Roma – “Sperimentare un permesso di soggiorno per la ricerca di lavoro potrebbe essere una via per tentare risolvere il problema dell’irregolarità”. La proposta è arrivata ieri pomeriggio da Pietro Marcenaro, Presidente della Commissione Diritti Umani del Senato, nel corso della presentazione del rapporto “Immigrazione e diritti umani violati: i lavoratori immigrati nell’agricoltura del mezzogiorno”, coordinata da Enrico Pugliese per la cooperativa Dedalus con il sostegno dell’Open Society Foundations. “Quando si parla del lavoro immigrato in agricoltura si ritrova sempre una stereotipo comune che nell’utilizzo del termine tratta e riduzione in schiavitù. Questi termini sono posti ad analisi critica in questo rapporto, perché pur parlando di condizione drammatiche non sovrappone a queste una nomenclatura giuridica. – ha proseguito Marcenaro. – La tratta esiste e compare anche nel rapporto ma c’è un discorso di uso del linguaggio. La misura del linguaggio è un problema morale”.

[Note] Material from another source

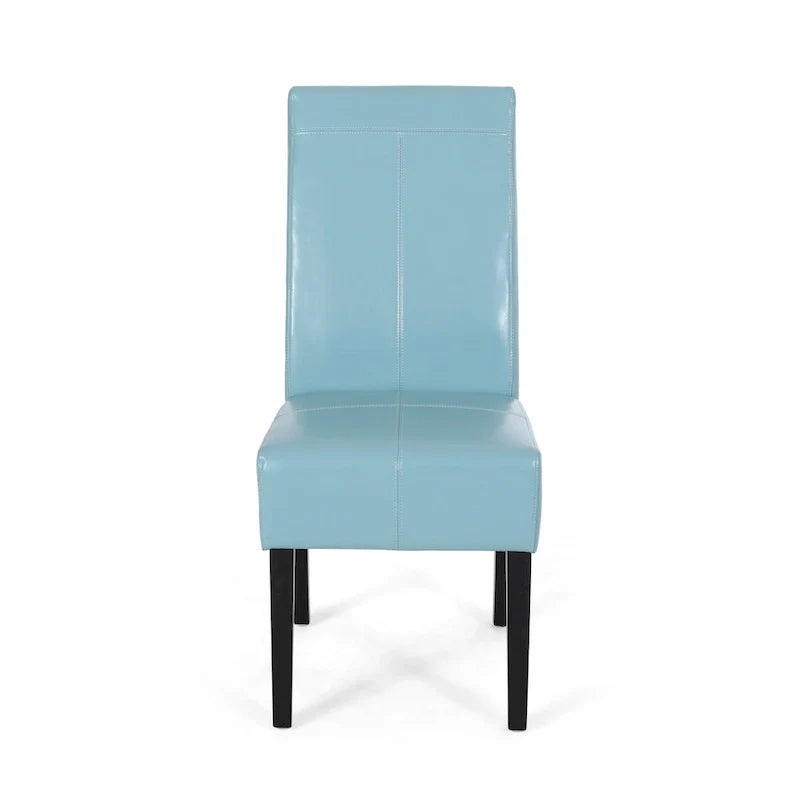 Christopher Knight Home Pertica Set of 2 Upholstered T-Stitch Dining Chairs 17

“I diritti umani – secondo Pugliese – senza i diritti sociali di base riconosciuti vengono meno. La malattia dovuta alla malnutrizione derivata dalle cattive condizioni di lavoro ne è un esempio. Un altro esempio è quando si lavora l’estate  e non è fornita l’acqua ai braccianti. Cosa che provoca un danno alla salute e che non rientra nella normale violazione della protezione del lavoro ma è qualcosa di immensamente più grave”. Costanza Hermanin, della Opening Society Foundations ha definito il rapporto tra i lavori più importanti che abbiano finanziato e ha aggiunto: “spero che questo rapporto influenzi il dibattito esistente nelle nostre istituzioni e aiuti ad affrontare queste problemi”.